Diaphragmatic defect
Introduction
Introduction , the flattened latissimus which is a dome-shaped bulge, located between the thoracic and abdominal cavities, becomes the base of the chest and the top of the abdomen. Incomplete or missing diaphragm is common in the posterior iliac muscle. It is more common in older individuals, accounting for approximately 56% of patients aged 70-80 years. This seems to be unrelated to skeletal muscle status or obesity, but diaphragmatic defects are closely related to emphysema. There are three types of diaphragmatic defects: one is characterized by a limited thickness reduction, but the continuity of the diaphragm is maintained. Type 2 is characterized by separation of muscle fiber bundles in a parallel layer. The third type is characterized by the absence of diaphragm and the loss of continuity of the diaphragm. The exfoliation of intra-abdominal fat is characteristic of a type III defect.
Cause
Cause
It is more common in elderly individuals, accounting for about 56% of patients aged 70-80 years. This seems to be unrelated to skeletal muscle status or obesity, but diaphragmatic defects are closely related to emphysema.
Examine
an examination
Related inspection
Abdominal plain film abdominal CT chest radiograph chest CT examination
Three types of clinical manifestations of diaphragmatic defects:
One type exhibits a limited thickness reduction, but maintains the continuity of the diaphragm.

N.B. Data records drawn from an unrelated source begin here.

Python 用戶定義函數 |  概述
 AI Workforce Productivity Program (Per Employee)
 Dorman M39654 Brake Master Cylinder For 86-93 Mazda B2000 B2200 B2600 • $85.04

Type 2 is characterized by separation of muscle fiber bundles in a parallel layer.
The third type is characterized by the absence of diaphragm and the loss of continuity of the diaphragm.
The exfoliation of intra-abdominal fat is characteristic of a type III defect.
Diagnosis
Differential diagnosis
Need to be identified with the following symptoms:
Mediastinal lesions: mediastinal diseases include mediastinal tumors (benign and malignant), cysts, acute and chronic mediastinal inflammation, mediastinal hernia, mediastinal emphysema, etc. The chest cavity of the human body is divided into two pleural cavities, and the middle part of the pleural cavity on both sides is called the mediastinum. The mediastinum contains the heart, large blood vessels in the chest, trachea, esophagus, nerves and lymphoid tissues. The mediastinum can be divided into several regions, from the sternal angle (ie, the intersection of the sternum stem and the sternum body, which can be touched on the body surface to show a distinct transverse sac), and the horizontal line is drawn backward to the lower edge of the fourth thoracic vertebral body. Above the line is called the upper mediastinum, and the line is called the lower mediastinum. The upper mediastinum is bounded by the trachea, the front is the anterior superior mediastinum, and the posterior is the posterior superior mediastinum. The lower mediastinum is divided into three parts: the front, the middle and the back. The front of the pericardium is the anterior mediastinum. The pericardium is called the mediastinum. The posterior mediastinum is called between the pericardium and the spine.
Yokohama low-level: Yokohama low-level is the imaging of lung x-ray diagnosis of emphysema and tracheal foreign body.